### TASK OBJECTIVE
Once the line with "Ford Focus 1.5" is found in the entries below, print it and each following line exactly, stopping after the line with "Sanctified by Grace: A"; print nothing else.

### MATERIALS PROVIDED
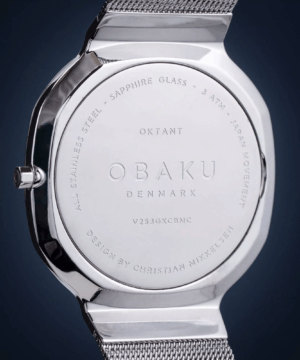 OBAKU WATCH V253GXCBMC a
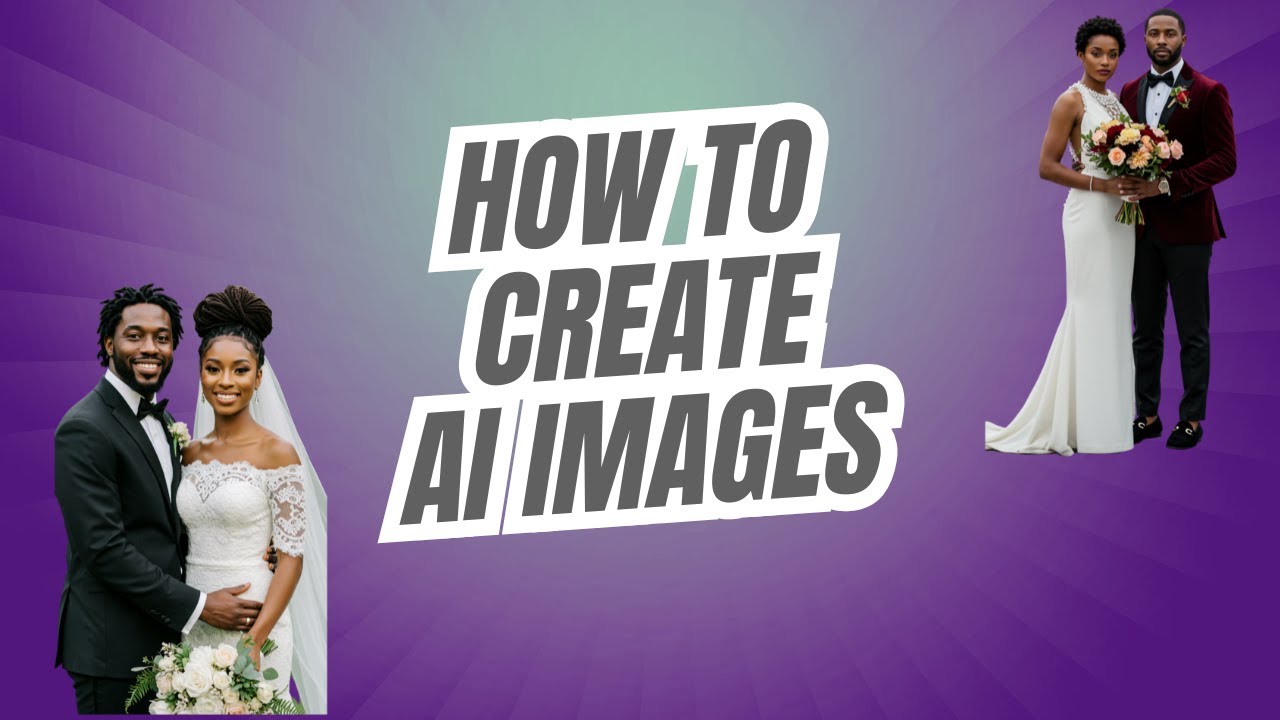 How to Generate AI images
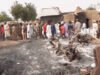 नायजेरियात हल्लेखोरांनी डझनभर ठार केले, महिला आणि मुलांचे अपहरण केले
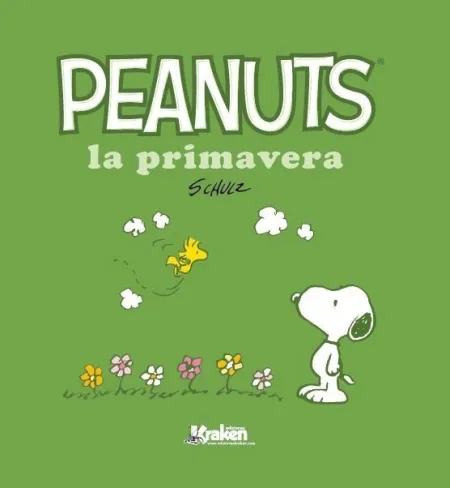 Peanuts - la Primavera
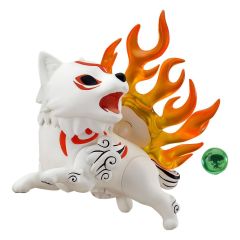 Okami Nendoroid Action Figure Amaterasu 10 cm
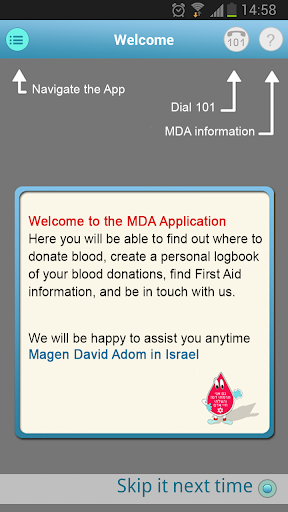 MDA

==

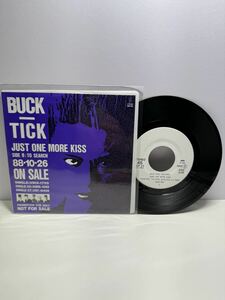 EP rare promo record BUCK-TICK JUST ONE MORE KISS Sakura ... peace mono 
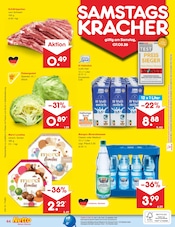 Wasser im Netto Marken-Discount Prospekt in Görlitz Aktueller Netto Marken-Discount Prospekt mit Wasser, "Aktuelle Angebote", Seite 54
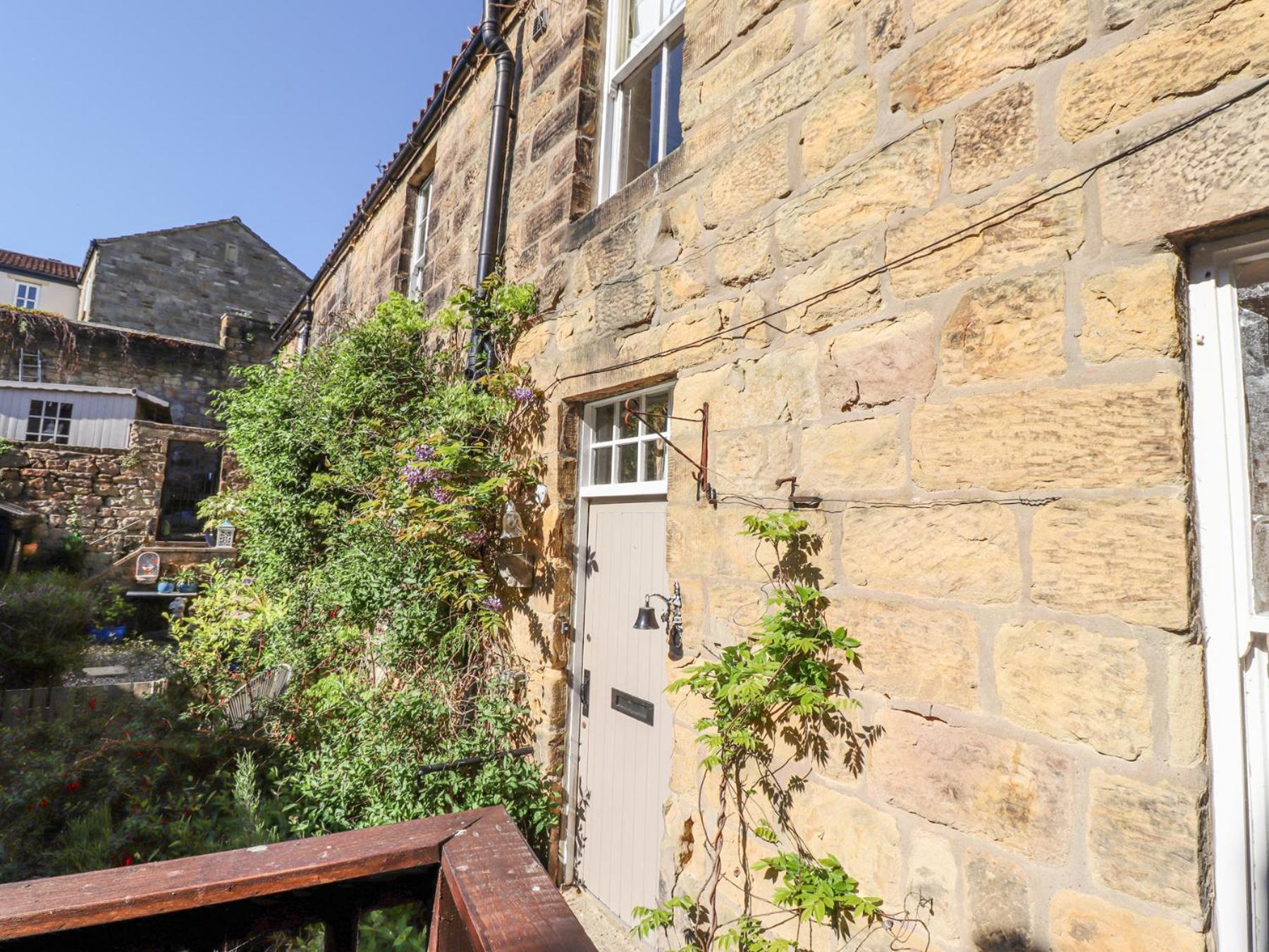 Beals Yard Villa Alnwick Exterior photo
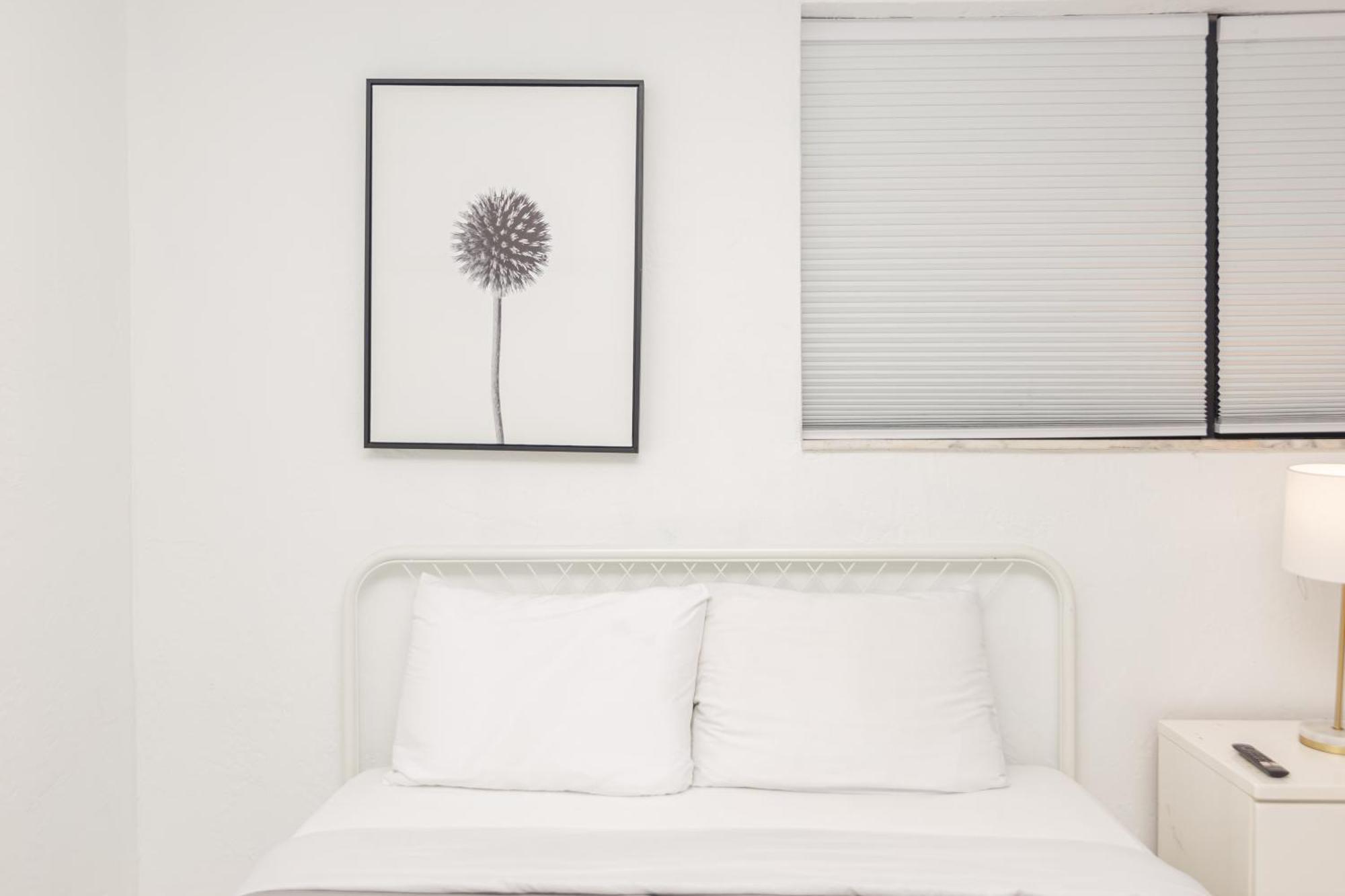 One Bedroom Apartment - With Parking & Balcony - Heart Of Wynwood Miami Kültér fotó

==

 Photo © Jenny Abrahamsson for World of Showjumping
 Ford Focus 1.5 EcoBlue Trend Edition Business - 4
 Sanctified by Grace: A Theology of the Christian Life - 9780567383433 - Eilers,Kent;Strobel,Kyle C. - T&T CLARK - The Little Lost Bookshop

### YOUR SOLUTION
 Ford Focus 1.5 EcoBlue Trend Edition Business - 4
 Sanctified by Grace: A Theology of the Christian Life - 9780567383433 - Eilers,Kent;Strobel,Kyle C. - T&T CLARK - The Little Lost Bookshop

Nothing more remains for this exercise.